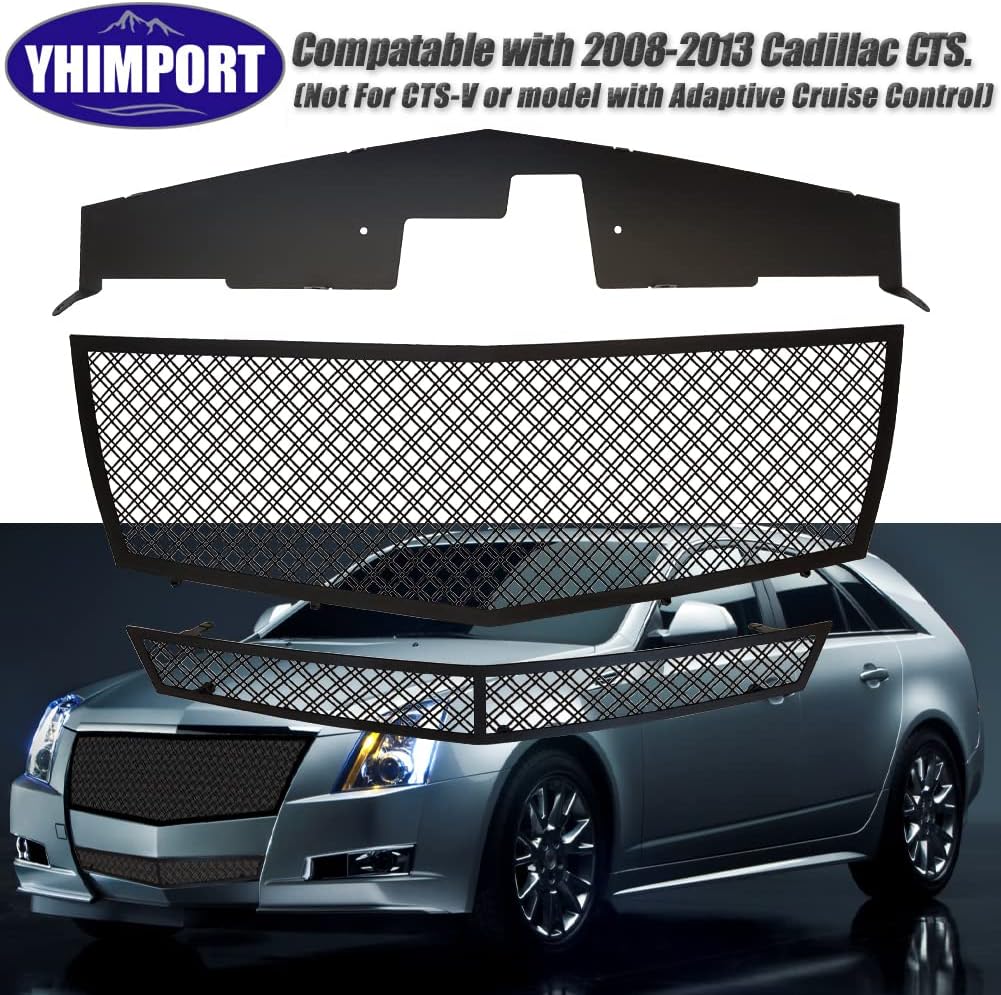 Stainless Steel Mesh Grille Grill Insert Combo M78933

..........

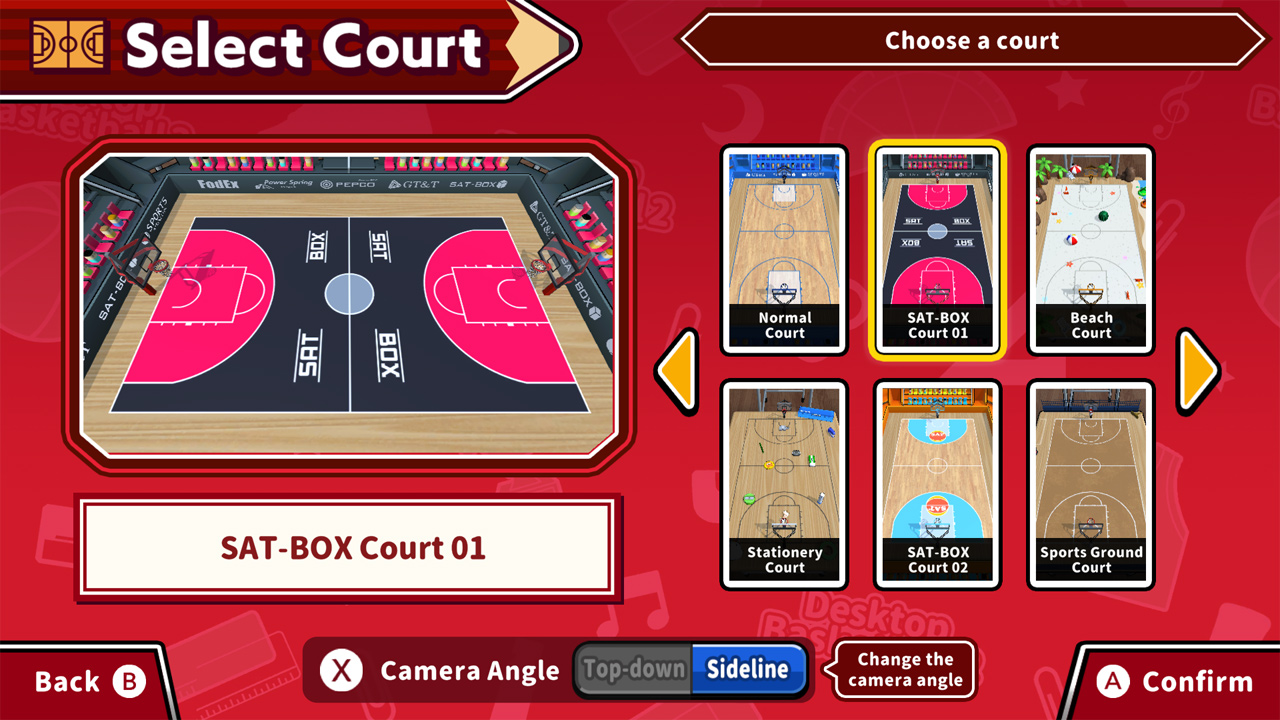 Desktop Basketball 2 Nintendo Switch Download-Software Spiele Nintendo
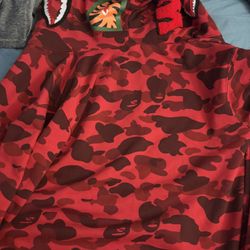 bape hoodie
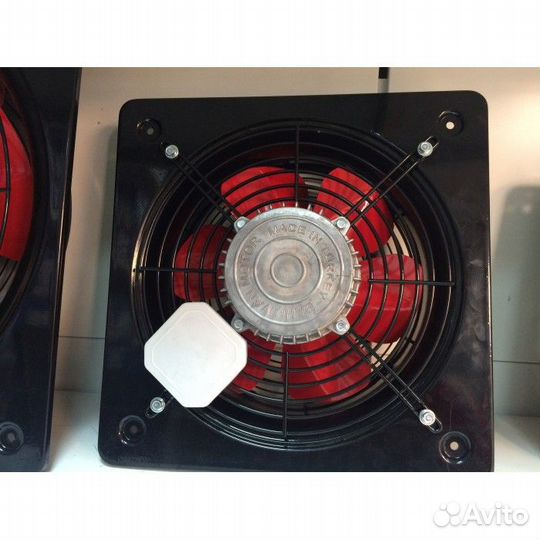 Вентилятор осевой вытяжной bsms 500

..........

Set down again, exactly, every line above from the one with "bape hoodie" down to the one with "Вентилятор осевой вытяжной bsms 500", both ends included. No pictures, and nothing else.

**Output of the task**
 bape hoodie
 Вентилятор осевой вытяжной bsms 500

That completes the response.